▶ **Task inputs**
-=-=-=-=-

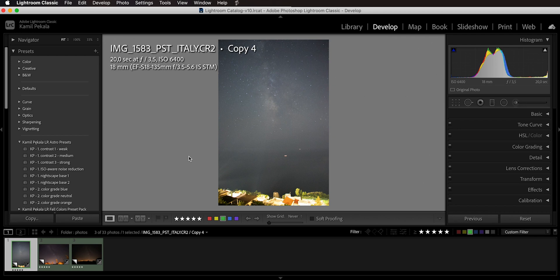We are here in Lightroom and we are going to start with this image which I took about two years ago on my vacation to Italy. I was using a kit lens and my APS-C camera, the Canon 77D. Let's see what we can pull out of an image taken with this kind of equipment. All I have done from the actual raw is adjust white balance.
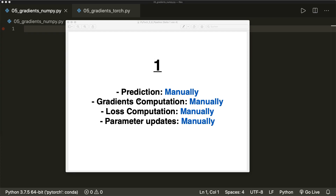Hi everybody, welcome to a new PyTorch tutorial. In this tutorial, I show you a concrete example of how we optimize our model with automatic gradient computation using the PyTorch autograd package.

-=-=-=-=-

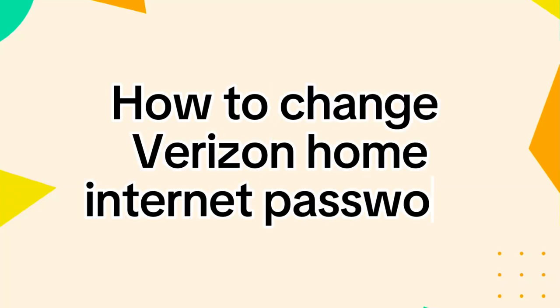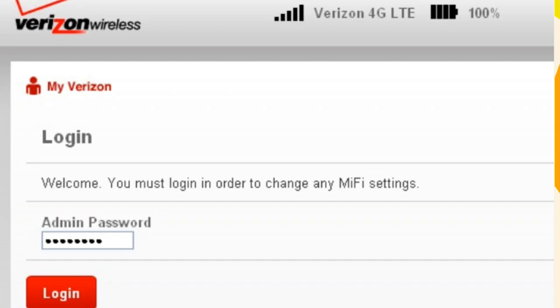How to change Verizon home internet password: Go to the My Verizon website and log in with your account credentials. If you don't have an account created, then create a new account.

-=-=-=-=-

▶ **What is expected**
A verbatim reproduction is expected: starting at the line above that has "We are here", ending at the line that has "Hi everybody, welcome", both included, and with no pictures and no other lines.

▶ **Finished exercise**
We are here in Lightroom and we are going to start with this image which I took about two years ago on my vacation to Italy. I was using a kit lens and my APS-C camera, the Canon 77D. Let's see what we can pull out of an image taken with this kind of equipment. All I have done from the actual raw is adjust white balance.
Hi everybody, welcome to a new PyTorch tutorial. In this tutorial, I show you a concrete example of how we optimize our model with automatic gradient computation using the PyTorch autograd package.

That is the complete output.